Daylight Saving Time (DST) will begin in United States at 2 am on March 10, 2019.
The nation as a whole will spring forward to take advantage of one extra hour of available daylight.
Sounds reasonable, right?
But if facts are anything to go by, it is not always so, especially for construction crews, repair and maintenance crews, or anybody who works in hazardous outdoor conditions or handles heavy equipment.
According to the National Sleep Foundation, Americans on average sleep 40 minutes less than their normal amount on the night following the springtime change. And the National Center for Biotechnology Information (NCBI) has found that there is a measurable increase in accidents on the Monday following the Spring shift to DST. Which, this year, is March 11th.
Even though our physical clocks jump an hour ahead with the onset of DST, human biological clocks keep following the pattern they’re used to. This dissonance causes significant sleep deprivation in some individuals, not to mention the mental anxiety that comes from the knowledge that one has to wake up a good hour early.
It’s a forced change in circadian patterns that takes some getting used to, which is why it is important for outdoor workers to be aware of the possibility of not functioning at their best on the Monday after DST.
Use the 7 following tips to protect yourself from DST’s unfortunate fallouts:
# 1: Manage Sleep Before DST Sets In
Be aware of how much sleep you are getting, at least a week before the clock springs forward. Don’t let sleep deprivation accumulate before the event, and make a bad situation worse.
# 2: Spring Forward Early
Change the time on your clock or watch to one hour ahead before the onset of DST. After you do this, go to bed at your usual time. Your body clock will not detect any sudden changes, and you will enjoy a quality and restful sleep, even if you now have to wake up an hour early.
# 3: Follow a Timetable
That means go to sleep and wake up at the set time for at least ten days before March 10th without oversleeping or pushing the snooze button.

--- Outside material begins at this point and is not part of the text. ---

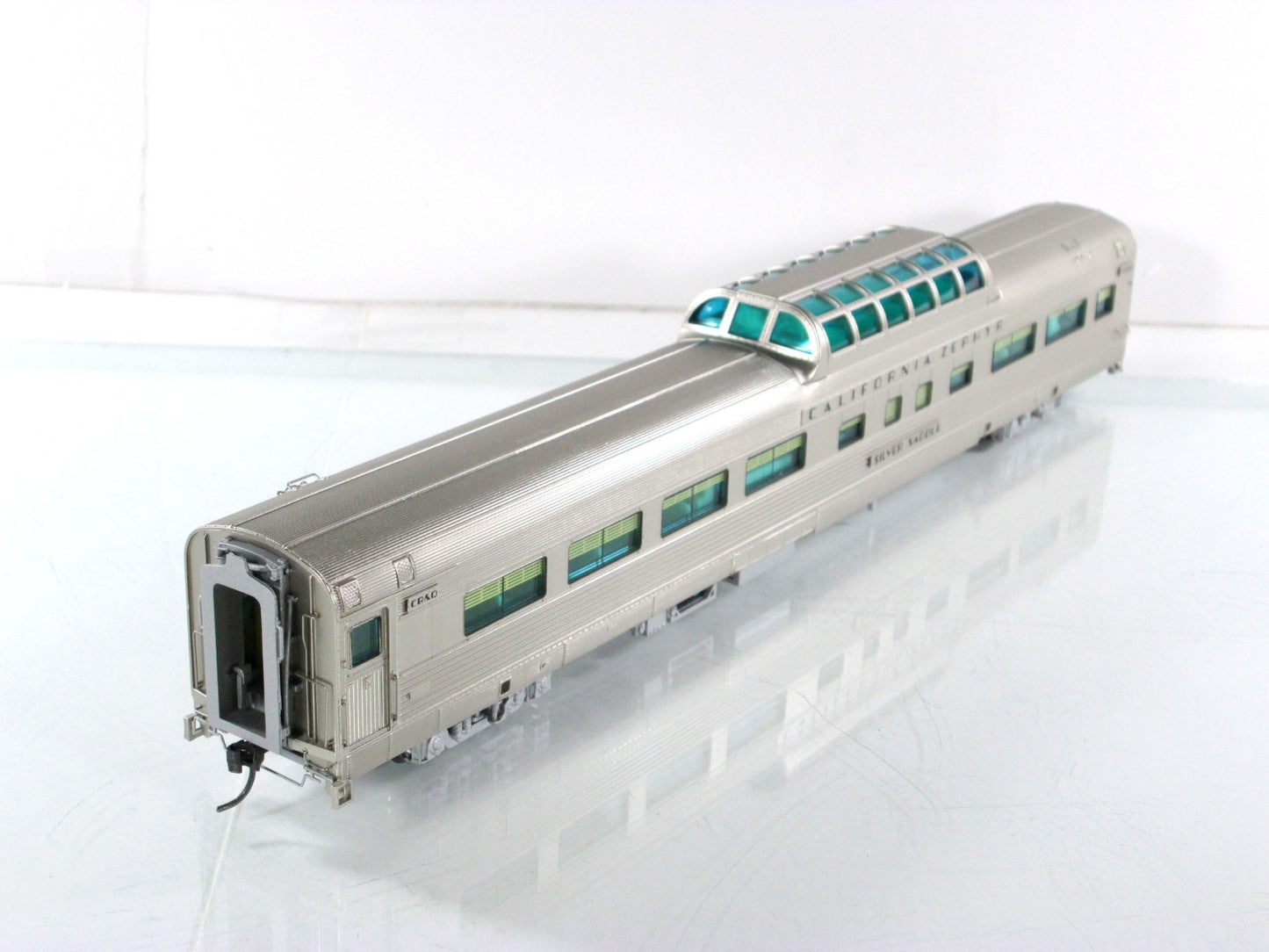 HO Scale *CB&Q CA ZEPHYR* SILVER SADDLE Vista Dome #4721 - Broadway 536, Lighted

# 4: Dim the Lights at Night
Our brain recognizes “darkness” as a signal to start producing melatonin, so dim lights a few hours before bedtime and make sure there are no light sources shining on your closed eyelids when you sleep.
# 5: Adjust Your Diet
Include more sleep-inducing foods like walnuts, almonds, bananas, cherry juice, tuna, rice and dairy products like cheese, milk and yogurt in your daily diet.

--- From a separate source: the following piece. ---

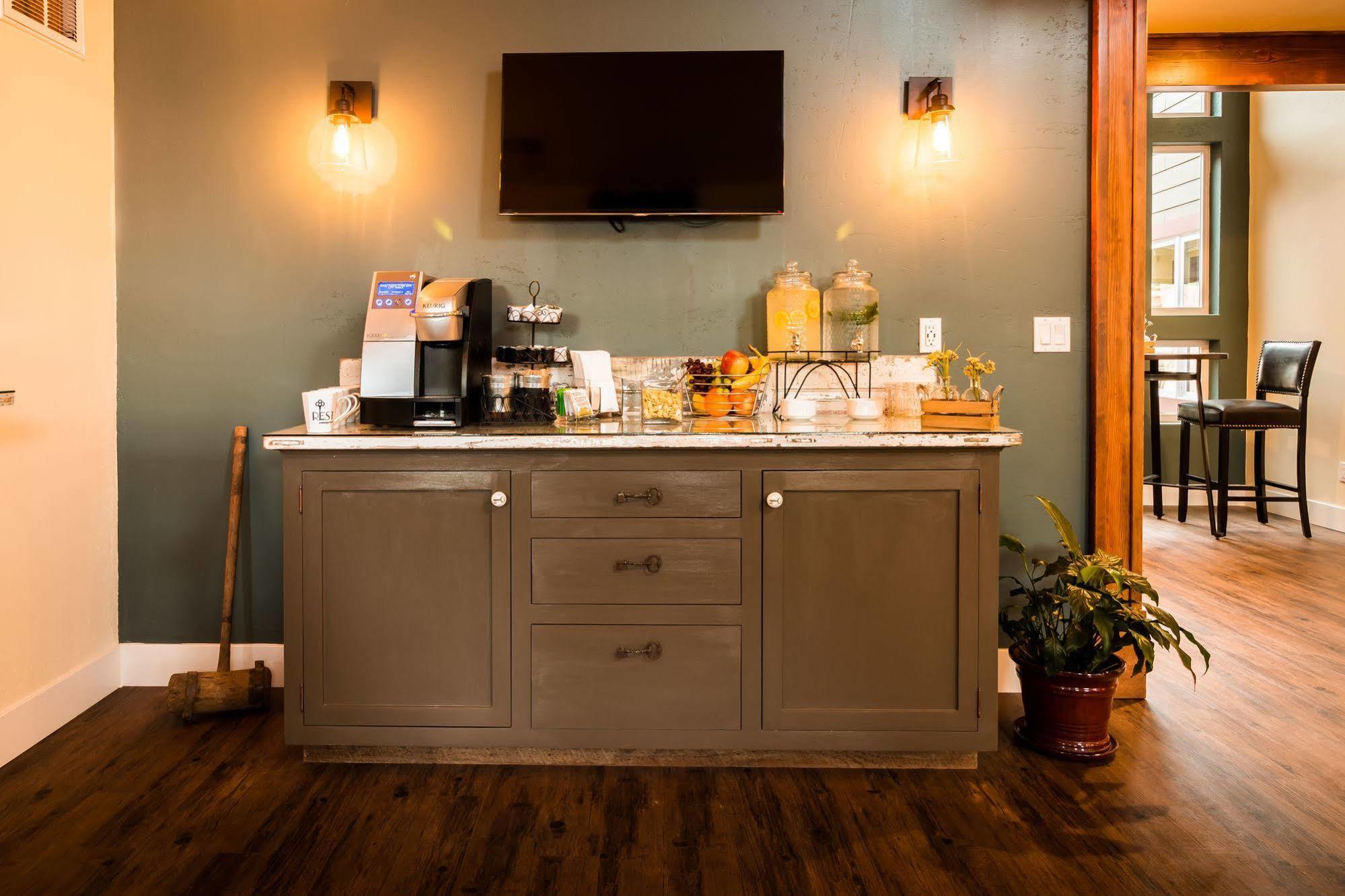 Rest, A Boutique Hotel Plymouth Екстериор снимка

# 6: Eat a Snack Before Bed
A small snack eaten an hour before bed helps to stabilize blood sugars. When blood sugar is low, or too high, we become anxious and irritable – a state of mind that does not promote sleep.
# 7: Ease Up Your Social Calendar
If you are prone to sleep deprivation symptoms, it may be a good idea to not schedule too many extra activities before and after the onset of DST. Keeping a steady, predictable schedule for just a few days can help you survive the worst of the symptoms.